AIM To investigate whether volumetric ADC histogram analysis is helpful for distinguishing IPAC from PPAC.
METHODS Between January 2015 and October 2018, 476 consecutive patients who were suspected of having a periampullary tumor and underwent magnetic resonance imaging (MRI) were reviewed in this retrospective study. Only patients who underwent MRI at 3.0 T with different diffusion-weighted images (b-values = 800 and 1000 s/mm2) and who were confirmed with a periampullary adenocarcinoma were further analyzed. Then, the mean, 5th, 10th, 25th, 50th, 75th, 90th, and 95th percentiles of ADC values and ADCmin, ADCmax, kurtosis, skewness, and entropy were obtained from the volumetric histogram analysis.

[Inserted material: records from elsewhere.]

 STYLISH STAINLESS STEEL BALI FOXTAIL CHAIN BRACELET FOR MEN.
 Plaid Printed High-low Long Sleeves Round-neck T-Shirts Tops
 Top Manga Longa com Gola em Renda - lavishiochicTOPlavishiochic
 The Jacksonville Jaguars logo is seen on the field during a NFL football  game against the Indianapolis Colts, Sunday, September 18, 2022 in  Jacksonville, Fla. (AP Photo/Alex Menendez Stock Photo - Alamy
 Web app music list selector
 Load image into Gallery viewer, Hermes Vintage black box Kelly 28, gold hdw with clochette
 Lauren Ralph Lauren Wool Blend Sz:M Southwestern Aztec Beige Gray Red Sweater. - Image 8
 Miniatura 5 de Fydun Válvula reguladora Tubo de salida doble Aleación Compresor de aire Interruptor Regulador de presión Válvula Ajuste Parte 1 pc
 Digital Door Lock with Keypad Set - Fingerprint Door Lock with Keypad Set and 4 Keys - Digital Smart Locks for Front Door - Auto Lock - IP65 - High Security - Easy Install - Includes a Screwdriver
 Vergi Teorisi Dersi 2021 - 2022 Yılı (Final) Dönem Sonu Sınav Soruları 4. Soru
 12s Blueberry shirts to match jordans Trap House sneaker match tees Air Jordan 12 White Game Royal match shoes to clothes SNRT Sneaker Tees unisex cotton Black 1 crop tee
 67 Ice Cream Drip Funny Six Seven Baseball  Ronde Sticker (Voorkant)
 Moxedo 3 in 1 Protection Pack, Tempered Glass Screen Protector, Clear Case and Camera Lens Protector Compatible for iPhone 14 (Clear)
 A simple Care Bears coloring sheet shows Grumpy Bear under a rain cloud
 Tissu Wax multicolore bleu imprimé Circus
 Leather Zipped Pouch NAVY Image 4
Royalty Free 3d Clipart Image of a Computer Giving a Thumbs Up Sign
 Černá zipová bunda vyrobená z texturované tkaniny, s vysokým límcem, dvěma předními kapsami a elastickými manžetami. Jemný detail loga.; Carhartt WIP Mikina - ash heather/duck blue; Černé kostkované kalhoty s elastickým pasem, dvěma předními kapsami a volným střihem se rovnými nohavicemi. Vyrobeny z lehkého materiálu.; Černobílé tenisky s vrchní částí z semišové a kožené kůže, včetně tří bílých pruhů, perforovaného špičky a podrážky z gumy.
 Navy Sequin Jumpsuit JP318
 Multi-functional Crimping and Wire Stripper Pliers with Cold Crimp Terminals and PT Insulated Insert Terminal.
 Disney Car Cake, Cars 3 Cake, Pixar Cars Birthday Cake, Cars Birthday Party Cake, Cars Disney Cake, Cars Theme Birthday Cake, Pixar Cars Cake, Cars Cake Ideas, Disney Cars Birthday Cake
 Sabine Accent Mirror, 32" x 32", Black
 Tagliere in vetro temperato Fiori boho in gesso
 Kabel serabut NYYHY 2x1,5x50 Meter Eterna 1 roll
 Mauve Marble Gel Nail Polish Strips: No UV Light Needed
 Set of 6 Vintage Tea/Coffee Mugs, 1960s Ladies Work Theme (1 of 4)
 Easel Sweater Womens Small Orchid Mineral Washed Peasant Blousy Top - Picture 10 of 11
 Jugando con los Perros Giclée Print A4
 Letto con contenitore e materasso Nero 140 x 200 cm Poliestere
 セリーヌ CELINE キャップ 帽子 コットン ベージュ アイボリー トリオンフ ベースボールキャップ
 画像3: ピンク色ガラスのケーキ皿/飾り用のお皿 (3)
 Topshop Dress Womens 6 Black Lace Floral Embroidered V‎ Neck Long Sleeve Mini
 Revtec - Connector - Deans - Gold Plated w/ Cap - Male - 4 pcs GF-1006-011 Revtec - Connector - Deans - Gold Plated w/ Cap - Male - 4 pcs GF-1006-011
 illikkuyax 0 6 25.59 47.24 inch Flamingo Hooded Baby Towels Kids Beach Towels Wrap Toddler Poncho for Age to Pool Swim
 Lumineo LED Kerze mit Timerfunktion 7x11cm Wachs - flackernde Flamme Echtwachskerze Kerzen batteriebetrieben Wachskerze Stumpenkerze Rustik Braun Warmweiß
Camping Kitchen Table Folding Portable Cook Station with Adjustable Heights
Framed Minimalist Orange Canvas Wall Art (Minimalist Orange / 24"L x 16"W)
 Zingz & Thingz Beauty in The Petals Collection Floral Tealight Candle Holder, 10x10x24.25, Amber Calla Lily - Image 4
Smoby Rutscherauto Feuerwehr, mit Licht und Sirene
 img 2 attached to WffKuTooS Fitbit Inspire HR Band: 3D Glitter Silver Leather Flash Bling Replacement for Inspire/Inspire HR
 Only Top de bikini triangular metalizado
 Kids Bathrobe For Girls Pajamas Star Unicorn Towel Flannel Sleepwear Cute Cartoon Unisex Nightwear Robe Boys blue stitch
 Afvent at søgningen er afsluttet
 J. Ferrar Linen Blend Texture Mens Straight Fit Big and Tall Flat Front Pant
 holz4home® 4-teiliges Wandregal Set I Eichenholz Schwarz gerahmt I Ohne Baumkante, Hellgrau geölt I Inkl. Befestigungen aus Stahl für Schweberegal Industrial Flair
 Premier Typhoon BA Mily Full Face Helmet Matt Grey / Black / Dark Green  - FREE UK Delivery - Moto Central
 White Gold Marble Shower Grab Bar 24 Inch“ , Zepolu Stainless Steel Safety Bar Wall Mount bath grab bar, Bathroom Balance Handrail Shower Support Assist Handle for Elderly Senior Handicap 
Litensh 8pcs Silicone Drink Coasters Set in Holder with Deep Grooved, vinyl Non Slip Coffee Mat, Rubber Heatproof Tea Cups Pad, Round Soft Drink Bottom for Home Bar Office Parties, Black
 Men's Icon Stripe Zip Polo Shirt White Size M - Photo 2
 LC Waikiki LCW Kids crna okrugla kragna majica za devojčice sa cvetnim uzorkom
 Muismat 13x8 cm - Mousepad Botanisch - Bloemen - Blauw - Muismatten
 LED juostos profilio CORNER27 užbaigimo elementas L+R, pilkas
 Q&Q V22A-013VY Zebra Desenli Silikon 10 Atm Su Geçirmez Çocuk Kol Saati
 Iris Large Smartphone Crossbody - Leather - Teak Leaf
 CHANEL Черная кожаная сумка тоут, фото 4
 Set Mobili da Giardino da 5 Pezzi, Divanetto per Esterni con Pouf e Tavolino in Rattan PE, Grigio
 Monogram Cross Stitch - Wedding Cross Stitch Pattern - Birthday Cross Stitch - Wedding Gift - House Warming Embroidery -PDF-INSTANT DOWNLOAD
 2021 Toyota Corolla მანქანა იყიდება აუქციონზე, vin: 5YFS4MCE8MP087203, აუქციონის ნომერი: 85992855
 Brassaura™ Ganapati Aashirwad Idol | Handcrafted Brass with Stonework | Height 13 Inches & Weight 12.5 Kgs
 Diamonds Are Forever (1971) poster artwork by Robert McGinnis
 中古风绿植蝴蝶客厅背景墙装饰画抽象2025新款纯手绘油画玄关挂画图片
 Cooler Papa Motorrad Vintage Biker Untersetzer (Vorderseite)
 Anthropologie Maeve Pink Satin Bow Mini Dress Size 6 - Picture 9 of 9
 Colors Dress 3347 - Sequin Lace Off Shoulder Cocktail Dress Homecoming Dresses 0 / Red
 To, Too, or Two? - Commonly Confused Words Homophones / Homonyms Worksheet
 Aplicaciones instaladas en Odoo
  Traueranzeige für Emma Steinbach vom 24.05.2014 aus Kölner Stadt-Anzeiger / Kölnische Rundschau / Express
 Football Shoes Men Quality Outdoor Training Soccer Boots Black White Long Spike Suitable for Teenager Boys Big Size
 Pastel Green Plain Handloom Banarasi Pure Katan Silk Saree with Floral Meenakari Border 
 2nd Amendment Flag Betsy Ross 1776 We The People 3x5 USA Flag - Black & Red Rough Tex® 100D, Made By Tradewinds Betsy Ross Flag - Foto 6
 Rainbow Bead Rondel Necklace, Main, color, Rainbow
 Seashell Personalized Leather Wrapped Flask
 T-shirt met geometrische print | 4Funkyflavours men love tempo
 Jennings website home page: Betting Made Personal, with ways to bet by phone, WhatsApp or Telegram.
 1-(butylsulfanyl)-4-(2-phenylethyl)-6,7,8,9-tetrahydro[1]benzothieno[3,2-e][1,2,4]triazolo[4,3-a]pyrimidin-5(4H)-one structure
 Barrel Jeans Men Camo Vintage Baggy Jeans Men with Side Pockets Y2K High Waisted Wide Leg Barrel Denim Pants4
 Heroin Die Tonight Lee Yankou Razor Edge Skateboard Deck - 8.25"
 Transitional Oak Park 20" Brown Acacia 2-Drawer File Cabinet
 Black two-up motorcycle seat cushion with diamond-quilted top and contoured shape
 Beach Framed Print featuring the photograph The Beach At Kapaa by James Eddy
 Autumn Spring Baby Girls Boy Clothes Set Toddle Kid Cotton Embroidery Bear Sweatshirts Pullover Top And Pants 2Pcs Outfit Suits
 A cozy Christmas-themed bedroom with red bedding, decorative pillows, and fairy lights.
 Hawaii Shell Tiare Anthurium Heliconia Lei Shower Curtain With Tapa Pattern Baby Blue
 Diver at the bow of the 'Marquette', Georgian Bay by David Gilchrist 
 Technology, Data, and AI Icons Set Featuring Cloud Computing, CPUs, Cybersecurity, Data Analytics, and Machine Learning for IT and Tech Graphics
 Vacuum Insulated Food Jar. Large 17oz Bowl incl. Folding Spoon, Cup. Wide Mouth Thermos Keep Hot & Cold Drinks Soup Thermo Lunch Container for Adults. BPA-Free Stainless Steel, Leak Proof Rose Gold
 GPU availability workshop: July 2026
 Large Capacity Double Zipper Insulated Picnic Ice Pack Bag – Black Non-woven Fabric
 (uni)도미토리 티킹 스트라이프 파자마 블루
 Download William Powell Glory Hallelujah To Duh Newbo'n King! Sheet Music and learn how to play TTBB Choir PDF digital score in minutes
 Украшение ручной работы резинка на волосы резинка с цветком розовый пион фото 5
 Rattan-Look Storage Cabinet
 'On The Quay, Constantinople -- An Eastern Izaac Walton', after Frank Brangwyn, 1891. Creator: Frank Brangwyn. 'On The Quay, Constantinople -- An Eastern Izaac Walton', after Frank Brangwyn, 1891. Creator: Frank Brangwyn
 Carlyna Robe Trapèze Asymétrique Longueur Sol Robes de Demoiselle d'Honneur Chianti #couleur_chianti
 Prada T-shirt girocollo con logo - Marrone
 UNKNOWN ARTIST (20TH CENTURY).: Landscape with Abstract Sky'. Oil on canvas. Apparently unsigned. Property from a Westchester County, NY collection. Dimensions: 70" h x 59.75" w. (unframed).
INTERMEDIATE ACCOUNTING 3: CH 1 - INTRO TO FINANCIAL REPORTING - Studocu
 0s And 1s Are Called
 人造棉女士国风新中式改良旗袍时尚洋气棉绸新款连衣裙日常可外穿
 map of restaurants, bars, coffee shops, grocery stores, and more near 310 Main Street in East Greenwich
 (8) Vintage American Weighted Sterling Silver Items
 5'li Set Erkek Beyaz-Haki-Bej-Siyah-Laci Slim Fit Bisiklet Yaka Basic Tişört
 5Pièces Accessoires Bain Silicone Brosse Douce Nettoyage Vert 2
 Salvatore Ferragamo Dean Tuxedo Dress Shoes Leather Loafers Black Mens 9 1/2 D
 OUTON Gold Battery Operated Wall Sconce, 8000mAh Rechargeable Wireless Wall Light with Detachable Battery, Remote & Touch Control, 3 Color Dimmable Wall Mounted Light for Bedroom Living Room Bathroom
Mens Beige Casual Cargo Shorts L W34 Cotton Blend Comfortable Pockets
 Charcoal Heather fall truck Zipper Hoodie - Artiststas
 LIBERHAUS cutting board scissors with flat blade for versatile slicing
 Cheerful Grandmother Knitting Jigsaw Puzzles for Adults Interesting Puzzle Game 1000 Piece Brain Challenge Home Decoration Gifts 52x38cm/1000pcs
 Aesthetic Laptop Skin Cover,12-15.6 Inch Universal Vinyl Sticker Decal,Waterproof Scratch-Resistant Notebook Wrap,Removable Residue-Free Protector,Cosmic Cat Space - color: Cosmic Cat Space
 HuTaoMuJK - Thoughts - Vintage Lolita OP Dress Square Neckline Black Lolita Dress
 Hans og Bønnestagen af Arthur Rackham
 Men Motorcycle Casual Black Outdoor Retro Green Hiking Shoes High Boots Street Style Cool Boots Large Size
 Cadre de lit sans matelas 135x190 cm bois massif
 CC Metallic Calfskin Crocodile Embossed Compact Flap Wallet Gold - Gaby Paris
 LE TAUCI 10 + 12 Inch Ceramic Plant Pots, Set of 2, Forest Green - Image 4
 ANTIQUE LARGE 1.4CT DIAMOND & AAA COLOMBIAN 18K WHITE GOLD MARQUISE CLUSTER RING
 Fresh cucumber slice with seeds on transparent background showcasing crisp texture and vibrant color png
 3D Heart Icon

Comparisons were made by an independent Student's t-test or Mann-Whitney U test. Multiple-class receiver operating characteristic curve analysis was performed to determine and compare the diagnostic value of each significant parameter.
RESULTS In total, 40 patients with histopathologically confirmed IPAC (n = 17) or PPAC (n = 23) were enrolled. The mean, 5th, 25th, 50th, 75th, 90th, and 95th percentiles and ADCmax derived from ADC1000 were significantly lower in the PPAC group than in the IPAC group (P < 0.05). However, values derived from ADC800 showed no significant difference between the two groups. The 75th percentile of ADC1000 values achieved the highest area under the curve (AUC) for differentiating IPAC from PPAC (AUC = 0.781; sensitivity, 91%; specificity, 59%; cut-off value, 1.50 × 10-3 mm2/s).
CONCLUSION Volumetric ADC histogram analysis at a b-value of 1000 s/mm2 might be helpful for differentiating the histological subtypes of periampullary adenocarcinoma before surgery.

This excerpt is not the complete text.